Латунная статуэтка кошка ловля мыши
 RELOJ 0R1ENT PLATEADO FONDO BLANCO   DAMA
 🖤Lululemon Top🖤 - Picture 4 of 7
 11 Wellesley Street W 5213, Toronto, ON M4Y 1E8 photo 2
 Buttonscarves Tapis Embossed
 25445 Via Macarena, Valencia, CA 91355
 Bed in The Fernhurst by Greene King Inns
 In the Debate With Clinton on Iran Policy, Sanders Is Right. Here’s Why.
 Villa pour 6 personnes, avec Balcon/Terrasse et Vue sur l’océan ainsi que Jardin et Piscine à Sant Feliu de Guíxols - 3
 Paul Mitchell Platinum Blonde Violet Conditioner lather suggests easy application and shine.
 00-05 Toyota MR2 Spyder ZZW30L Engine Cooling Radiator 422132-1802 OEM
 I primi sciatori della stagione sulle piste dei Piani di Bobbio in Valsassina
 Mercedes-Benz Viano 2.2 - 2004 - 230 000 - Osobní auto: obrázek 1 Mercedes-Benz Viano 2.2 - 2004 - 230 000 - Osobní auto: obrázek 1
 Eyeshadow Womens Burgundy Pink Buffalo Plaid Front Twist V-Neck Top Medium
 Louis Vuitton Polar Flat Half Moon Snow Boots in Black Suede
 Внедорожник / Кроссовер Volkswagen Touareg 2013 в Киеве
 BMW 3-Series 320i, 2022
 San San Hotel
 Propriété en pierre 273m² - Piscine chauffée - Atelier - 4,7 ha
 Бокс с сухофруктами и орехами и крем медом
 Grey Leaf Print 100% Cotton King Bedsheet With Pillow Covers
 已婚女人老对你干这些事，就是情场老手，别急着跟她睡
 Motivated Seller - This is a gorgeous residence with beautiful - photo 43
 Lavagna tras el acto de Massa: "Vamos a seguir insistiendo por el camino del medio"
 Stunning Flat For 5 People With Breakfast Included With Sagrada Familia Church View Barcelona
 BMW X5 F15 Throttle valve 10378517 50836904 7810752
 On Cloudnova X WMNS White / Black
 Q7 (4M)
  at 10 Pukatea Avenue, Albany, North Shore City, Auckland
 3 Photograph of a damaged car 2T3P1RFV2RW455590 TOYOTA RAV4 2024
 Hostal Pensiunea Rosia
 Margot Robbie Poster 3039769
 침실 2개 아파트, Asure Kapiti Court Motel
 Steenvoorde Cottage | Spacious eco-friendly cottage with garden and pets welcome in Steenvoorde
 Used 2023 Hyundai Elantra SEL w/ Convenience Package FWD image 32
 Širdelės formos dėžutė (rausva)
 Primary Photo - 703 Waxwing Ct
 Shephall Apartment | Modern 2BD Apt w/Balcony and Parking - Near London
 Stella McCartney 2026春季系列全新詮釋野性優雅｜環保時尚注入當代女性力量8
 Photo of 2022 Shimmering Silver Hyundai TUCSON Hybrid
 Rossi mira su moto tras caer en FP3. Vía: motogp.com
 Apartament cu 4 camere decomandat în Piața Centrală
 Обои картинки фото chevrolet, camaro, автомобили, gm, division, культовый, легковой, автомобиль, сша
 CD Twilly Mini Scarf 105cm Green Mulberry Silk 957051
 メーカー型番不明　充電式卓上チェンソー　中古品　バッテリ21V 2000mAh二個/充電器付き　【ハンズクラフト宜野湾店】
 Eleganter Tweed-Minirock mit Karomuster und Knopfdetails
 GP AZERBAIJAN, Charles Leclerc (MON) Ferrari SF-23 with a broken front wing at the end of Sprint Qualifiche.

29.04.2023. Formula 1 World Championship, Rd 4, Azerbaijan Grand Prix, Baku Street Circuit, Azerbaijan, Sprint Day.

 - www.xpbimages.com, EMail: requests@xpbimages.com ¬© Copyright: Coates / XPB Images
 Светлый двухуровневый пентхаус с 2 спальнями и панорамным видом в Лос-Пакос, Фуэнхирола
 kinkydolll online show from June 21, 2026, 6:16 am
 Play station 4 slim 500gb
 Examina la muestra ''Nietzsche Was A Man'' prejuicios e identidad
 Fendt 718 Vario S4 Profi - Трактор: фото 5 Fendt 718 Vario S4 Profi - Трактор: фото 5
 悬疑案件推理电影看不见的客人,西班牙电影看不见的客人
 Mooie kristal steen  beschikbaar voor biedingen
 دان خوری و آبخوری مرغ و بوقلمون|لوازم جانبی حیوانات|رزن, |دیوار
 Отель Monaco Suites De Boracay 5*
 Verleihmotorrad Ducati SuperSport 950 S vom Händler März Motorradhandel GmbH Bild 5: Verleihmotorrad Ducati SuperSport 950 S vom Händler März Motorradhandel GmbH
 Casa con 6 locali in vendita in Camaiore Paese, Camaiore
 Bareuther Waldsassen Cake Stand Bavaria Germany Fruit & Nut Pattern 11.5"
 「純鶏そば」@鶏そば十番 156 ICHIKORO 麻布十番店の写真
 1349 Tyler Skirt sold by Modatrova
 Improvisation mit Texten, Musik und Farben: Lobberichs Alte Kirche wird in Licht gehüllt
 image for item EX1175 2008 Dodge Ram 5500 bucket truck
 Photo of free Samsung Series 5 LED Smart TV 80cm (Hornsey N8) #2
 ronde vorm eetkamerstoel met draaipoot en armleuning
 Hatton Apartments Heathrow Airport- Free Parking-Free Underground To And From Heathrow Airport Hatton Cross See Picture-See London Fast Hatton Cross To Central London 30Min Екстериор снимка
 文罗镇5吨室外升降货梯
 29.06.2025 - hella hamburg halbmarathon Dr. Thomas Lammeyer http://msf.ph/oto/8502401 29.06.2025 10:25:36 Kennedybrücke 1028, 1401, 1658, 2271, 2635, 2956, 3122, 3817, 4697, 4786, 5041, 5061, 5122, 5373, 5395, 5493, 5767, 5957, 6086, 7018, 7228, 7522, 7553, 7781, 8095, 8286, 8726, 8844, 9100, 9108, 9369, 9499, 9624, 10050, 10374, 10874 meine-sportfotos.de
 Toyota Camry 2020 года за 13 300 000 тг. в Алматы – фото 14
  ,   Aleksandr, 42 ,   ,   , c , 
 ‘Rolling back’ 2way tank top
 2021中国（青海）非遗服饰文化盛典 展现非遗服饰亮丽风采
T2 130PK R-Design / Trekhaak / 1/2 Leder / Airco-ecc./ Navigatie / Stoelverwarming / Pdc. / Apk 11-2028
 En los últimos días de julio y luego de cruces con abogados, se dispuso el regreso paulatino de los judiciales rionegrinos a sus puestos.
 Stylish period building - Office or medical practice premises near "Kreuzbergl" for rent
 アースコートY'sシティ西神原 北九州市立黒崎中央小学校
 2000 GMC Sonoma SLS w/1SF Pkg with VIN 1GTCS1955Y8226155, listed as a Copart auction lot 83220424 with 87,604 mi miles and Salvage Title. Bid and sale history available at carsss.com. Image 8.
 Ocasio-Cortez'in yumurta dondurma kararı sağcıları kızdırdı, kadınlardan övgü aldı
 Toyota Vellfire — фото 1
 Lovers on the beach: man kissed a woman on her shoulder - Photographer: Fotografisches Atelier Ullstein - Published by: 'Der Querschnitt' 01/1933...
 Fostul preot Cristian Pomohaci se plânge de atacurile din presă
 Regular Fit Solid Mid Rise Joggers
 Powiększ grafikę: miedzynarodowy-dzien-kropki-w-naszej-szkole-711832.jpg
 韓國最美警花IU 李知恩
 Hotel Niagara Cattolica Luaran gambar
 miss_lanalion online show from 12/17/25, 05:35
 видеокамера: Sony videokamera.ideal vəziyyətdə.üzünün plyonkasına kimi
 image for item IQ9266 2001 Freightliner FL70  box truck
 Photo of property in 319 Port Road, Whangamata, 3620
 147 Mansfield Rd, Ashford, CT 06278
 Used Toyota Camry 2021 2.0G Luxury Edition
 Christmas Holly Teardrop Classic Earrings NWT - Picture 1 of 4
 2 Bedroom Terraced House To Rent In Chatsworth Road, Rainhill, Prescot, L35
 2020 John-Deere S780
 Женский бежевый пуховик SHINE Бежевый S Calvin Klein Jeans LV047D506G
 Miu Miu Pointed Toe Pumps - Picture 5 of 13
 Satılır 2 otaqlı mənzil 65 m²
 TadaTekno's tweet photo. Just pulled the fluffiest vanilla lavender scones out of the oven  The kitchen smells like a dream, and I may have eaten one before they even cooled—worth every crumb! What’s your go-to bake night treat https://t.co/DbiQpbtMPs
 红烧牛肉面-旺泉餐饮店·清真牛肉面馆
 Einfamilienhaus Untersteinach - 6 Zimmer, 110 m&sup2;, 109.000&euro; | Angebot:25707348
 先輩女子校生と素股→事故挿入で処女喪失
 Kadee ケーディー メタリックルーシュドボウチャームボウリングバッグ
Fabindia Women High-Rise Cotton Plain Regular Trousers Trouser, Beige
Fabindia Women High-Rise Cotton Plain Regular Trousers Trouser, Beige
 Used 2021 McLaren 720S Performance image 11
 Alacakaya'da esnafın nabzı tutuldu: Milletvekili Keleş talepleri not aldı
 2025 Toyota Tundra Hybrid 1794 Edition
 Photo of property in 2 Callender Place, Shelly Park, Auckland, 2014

- Work to be completed
A word-for-word copy of the lines above from the one with "Lavagna tras el" through the one with "Photo of 2022", inclusive, is the only output wanted.

- The completed task
 Lavagna tras el acto de Massa: "Vamos a seguir insistiendo por el camino del medio"
 Stunning Flat For 5 People With Breakfast Included With Sagrada Familia Church View Barcelona
 BMW X5 F15 Throttle valve 10378517 50836904 7810752
 On Cloudnova X WMNS White / Black
 Q7 (4M)
  at 10 Pukatea Avenue, Albany, North Shore City, Auckland
 3 Photograph of a damaged car 2T3P1RFV2RW455590 TOYOTA RAV4 2024
 Hostal Pensiunea Rosia
 Margot Robbie Poster 3039769
 침실 2개 아파트, Asure Kapiti Court Motel
 Steenvoorde Cottage | Spacious eco-friendly cottage with garden and pets welcome in Steenvoorde
 Used 2023 Hyundai Elantra SEL w/ Convenience Package FWD image 32
 Širdelės formos dėžutė (rausva)
 Primary Photo - 703 Waxwing Ct
 Shephall Apartment | Modern 2BD Apt w/Balcony and Parking - Near London
 Stella McCartney 2026春季系列全新詮釋野性優雅｜環保時尚注入當代女性力量8
 Photo of 2022 Shimmering Silver Hyundai TUCSON Hybrid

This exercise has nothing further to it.